Aim of the task:
Output every record exactly and leave each picture out.

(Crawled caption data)
•••

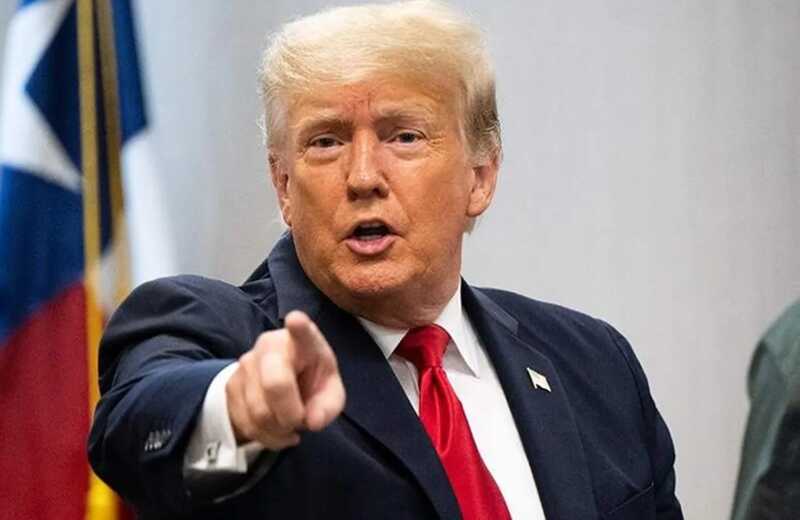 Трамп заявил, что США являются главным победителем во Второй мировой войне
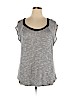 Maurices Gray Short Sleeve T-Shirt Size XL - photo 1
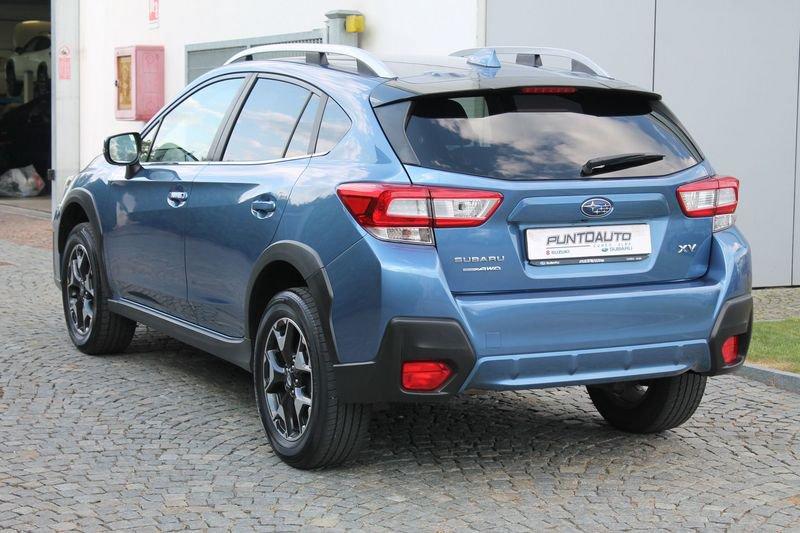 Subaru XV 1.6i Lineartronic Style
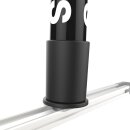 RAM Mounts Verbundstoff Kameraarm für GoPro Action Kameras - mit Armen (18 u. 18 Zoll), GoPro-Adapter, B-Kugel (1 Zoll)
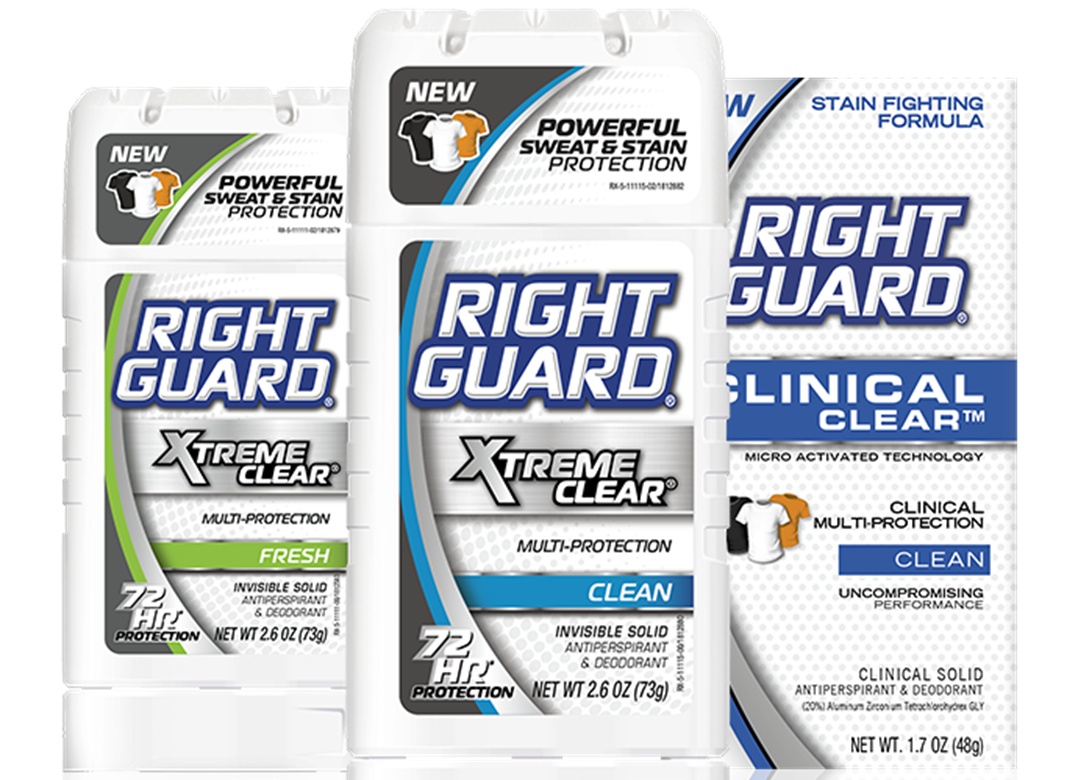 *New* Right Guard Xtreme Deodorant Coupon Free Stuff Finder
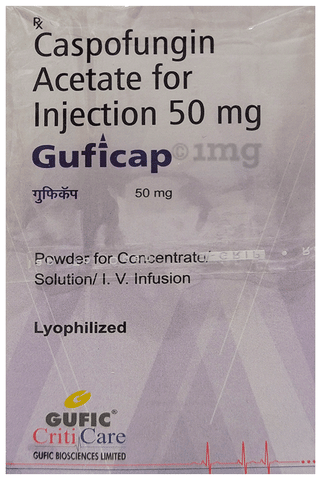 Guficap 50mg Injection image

•••

Exercise result:
 Трамп заявил, что США являются главным победителем во Второй мировой войне
 Maurices Gray Short Sleeve T-Shirt Size XL - photo 1
 Subaru XV 1.6i Lineartronic Style
 RAM Mounts Verbundstoff Kameraarm für GoPro Action Kameras - mit Armen (18 u. 18 Zoll), GoPro-Adapter, B-Kugel (1 Zoll)
 *New* Right Guard Xtreme Deodorant Coupon Free Stuff Finder
 Guficap 50mg Injection image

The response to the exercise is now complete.